The state of North Carolina allows you to seek a divorce at any time, for any reason, and without the need for your spouse’s approval. However, just because you have the ability to end your marriage doesn’t necessarily mean it’s the best decision. Let’s take a look at what you should think about before filing.
Am I allowing my emotions to dictate my decisions?
It’s generally not in your best interest to file for divorce immediately after engaging in an argument with your spouse. Furthermore, it’s generally not a good idea to make a decision about your marriage during an especially stressful time in your life. This is because you may make a choice that you are not prepared to follow through with, and an inability to do so can have negative consequences for yourself, your spouse, and your children.
Am I ready to live on my own?
In North Carolina, you and your spouse need to be separated for at least a year before you can file for an absolute divorce. If you sense your relationship is turning sour, you need to consider your living circumstances and how you will adjust to being away from your partner. Do you have a job that can provide enough for you and your child? Will you stay in the house, or move somewhere else? Will you want to remain in North Carolina? It’s important to speak with a financial advisor and/or an attorney to help you establish your living circumstances during this difficult time.
Is it the right choice for your family?
It’s no secret that divorce can be a grueling process for everyone involved, so it’s understandable that those considering it may be hesitant for what it will do to their families and living circumstances. However, being indecisive for too long can hurt you and your family in the long run.

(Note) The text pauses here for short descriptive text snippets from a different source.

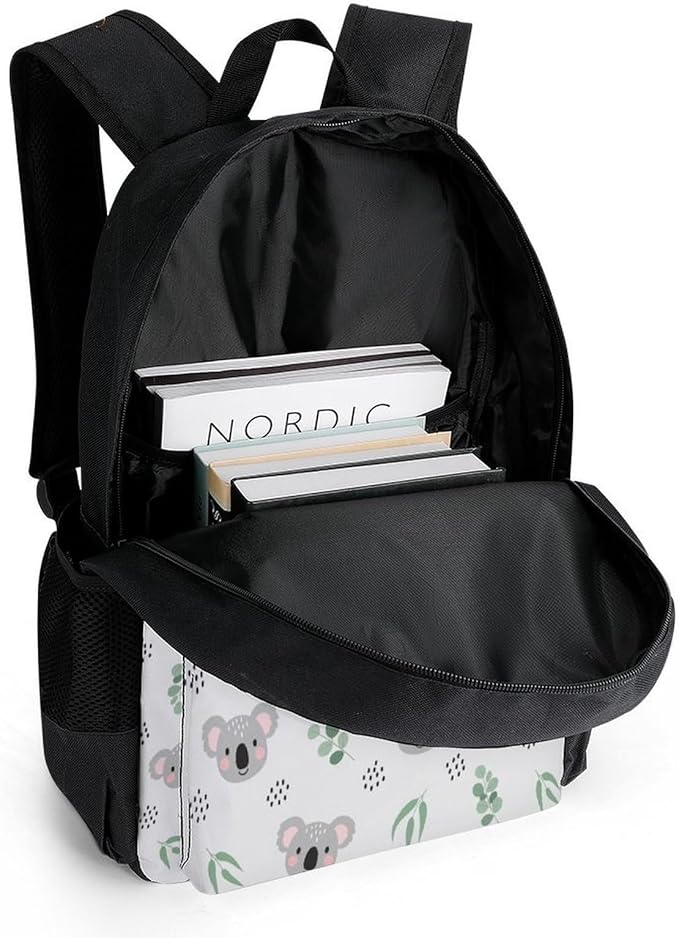 Sturdy Multipurpose Dual Shoulder Bag for Gym and Outdoor Activities, Koala Grey, Travel Hiking Daypack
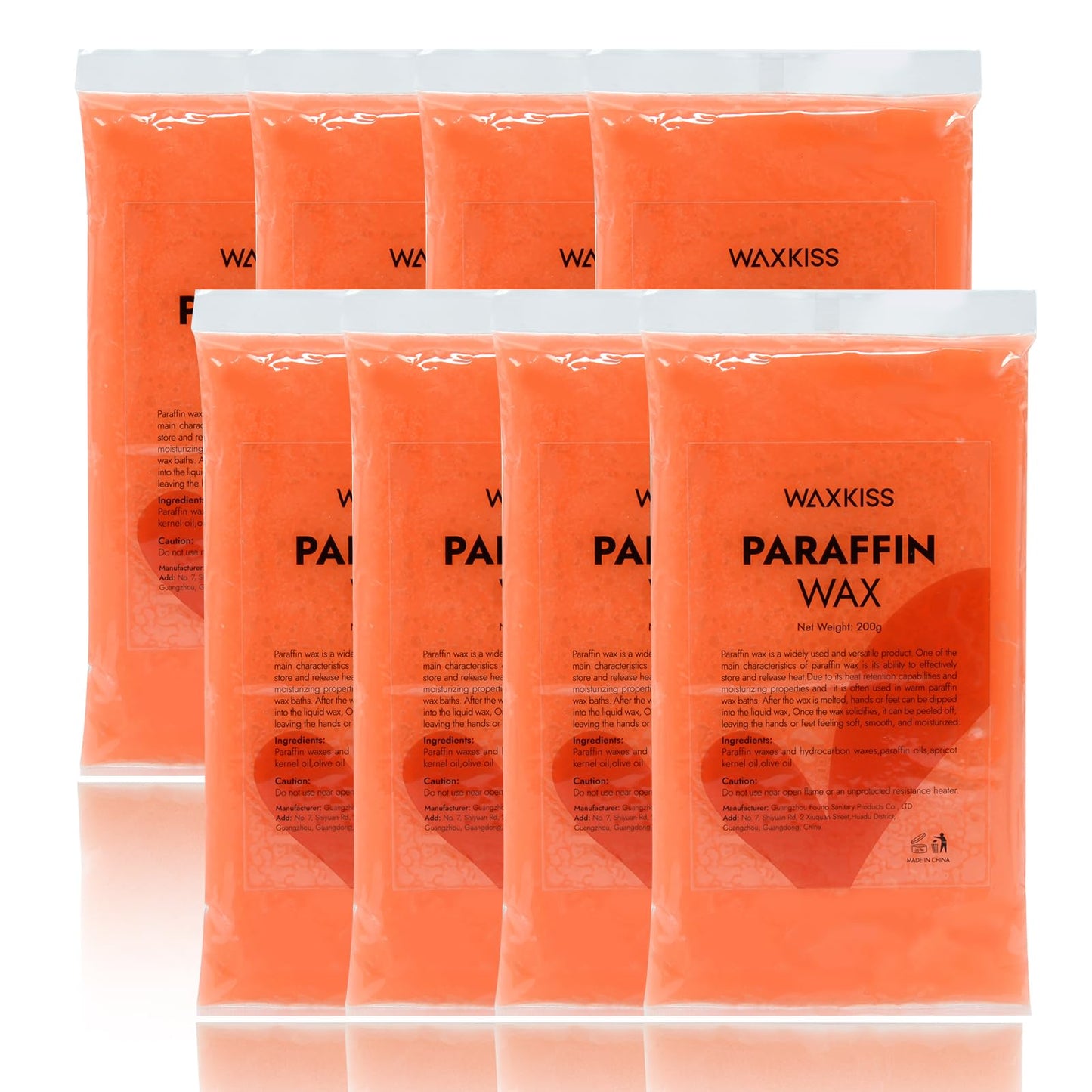 Waxkiss Paraffin Wax for Hand and Feet, 8 Pack Paraffin Wax Refills Peach for Paraffin Wax Machine for Paraffin Wax Bath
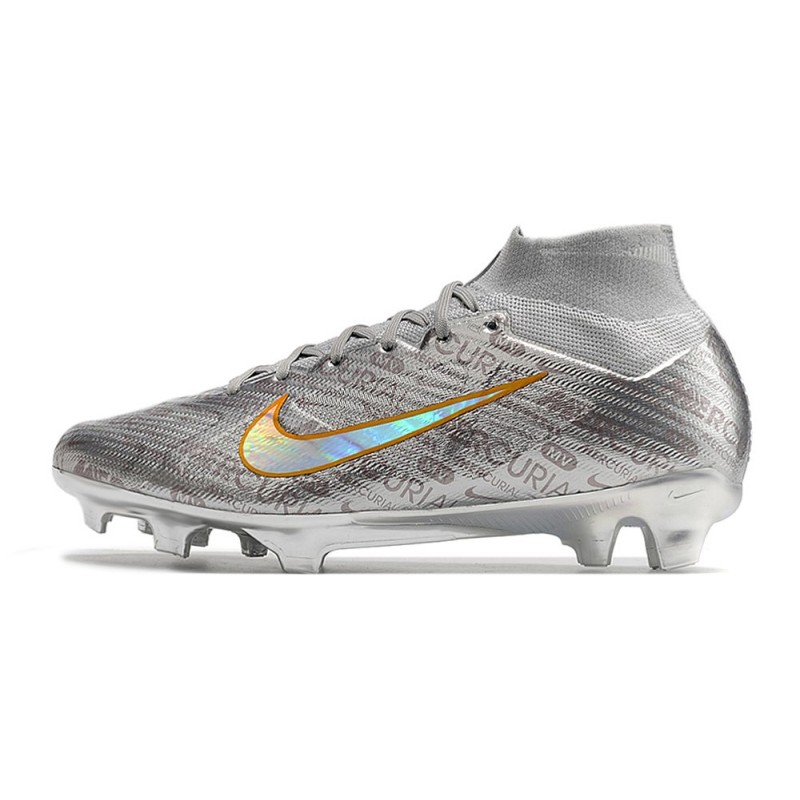 Nike Air Zoom Mercurial Superfly 9 Elite XXV FG Silver för Herr 4 Billiga Fotbollsskor Nike Air Zoom Mercurial Superfly 9 Elite XXV FG Silver 4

Forcing yourself to be with someone you no longer love so that your child does not experience having divorced parents does not do your mental health any favors, and it could create an even more hostile environment for your kids.
If you think that your relationship is going to end soon, it’s a good idea to start gathering financial documents and other important papers. Obtaining these documents may make it easier to obtain a favorable outcome whether you end your marriage through mediation or litigation.